Most items on the list are practices that most companies already use by necessity. For example, inventory control, account privilege control, and web browser protection. Other requirements are significantly more advanced, such as continuous vulnerability management, penetration testing, and redteaming. These and any items not already being practiced may cost a significant amount to implement. An assessment by Berkeley Economic Advising and Research for the California Attorney General’s Office estimated the total initial cost of reaching compliance at $55 billion.

Affected companies are also required to comply with requests for inspection of collected data from the individuals to which that data pertains. This necessitates authentication and secure transmission of processed data back to the people it was collected from. Recent amendments to the law may require additional action in the future.

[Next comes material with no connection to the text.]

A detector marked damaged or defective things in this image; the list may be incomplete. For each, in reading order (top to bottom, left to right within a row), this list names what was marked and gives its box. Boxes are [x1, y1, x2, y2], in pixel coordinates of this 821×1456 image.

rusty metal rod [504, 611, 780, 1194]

How is the state of business cybersecurity likely to change?

Businesses that must comply with the CCPA have to reevaluate their cybersecurity infrastructure. Every minimum security control not already in place will represent some initial and maintenance cost to deploy. As operational costs increase, professionals may expect to see priorities in their organization shift. More emphasis may be placed on training, monitoring, analysis, and auditing tasks, and less attention awarded to other projects. Your team may require additional personnel or resources to keep up with the increased duties required to maintain compliance. Leaders in organizational security may have to help their company demonstrate compliance if plaintiffs claim damages after a security breach.

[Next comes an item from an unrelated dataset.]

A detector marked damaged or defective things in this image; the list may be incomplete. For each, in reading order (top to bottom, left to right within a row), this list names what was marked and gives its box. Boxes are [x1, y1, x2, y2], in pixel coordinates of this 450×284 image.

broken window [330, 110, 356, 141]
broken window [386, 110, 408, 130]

Most businesses process a mixture of Californian and non-Californian personal information. Many companies may choose to simplify their security plan by extending many security controls to all their customers. In which case, even organizations not required to comply with CCPA may still observe changes in online activity. As many large targets become harder to breach as they ramp up security measures across the board, other organizations may find themselves becoming higher priority targets for threat actors. Even if your organization is not required to make any changes to comply with CCPA, it is still in your best interest to update current practices and search for vulnerable areas to be reinforced.

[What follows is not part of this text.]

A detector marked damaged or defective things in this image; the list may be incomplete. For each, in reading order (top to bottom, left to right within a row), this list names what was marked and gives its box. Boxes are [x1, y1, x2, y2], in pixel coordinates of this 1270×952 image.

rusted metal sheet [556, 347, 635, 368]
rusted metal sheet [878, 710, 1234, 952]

Here are a few suggestions to improve your security:

  • Identify critical assets and customer data storage. Verify that data storage and processing is secure.
  • Brief your employees about the importance of maintaining good Internet hygiene, detecting and reporting threats, and complying with all company security policy.
  • Maintain compliance with the CIS 20 critical security controls, regardless of regulation. If your organization does not already meet these criteria, this would be a good place to start practicing serious organizational security.
  • As the complexity of your security increases, consider using red teaming or breach and attack simulation to verify that your security controls really work.
  • If your organization is regulated by CCPA, refactor your risk assessment model to include penalties for violating CCPA.
  • If your organization is not regulated by CCPA, refactor your risk assessment model to acknowledge the potential for an increase in cyber attacks.
  • If you are unsure if your organization needs to make changes to comply with CCPA security standards, consult a policy compliance advisor.

There are various other problems with CCPA that experts have acknowledged, including increased difficulty in accessing and transporting data within an organization, and failure to align with popular social and security principles, such as the principle of least privilege and, more generally, building consumer trust. Regardless, companies required to comply must act now to ensure their customers are protected and to avoid legal ramifications in the event of a security breach. Even if you are not required to comply, you should still take proactive measures and follow the recommended guidelines so your company does not become an easy target for cyber attacks and so your customer’s data remains secure.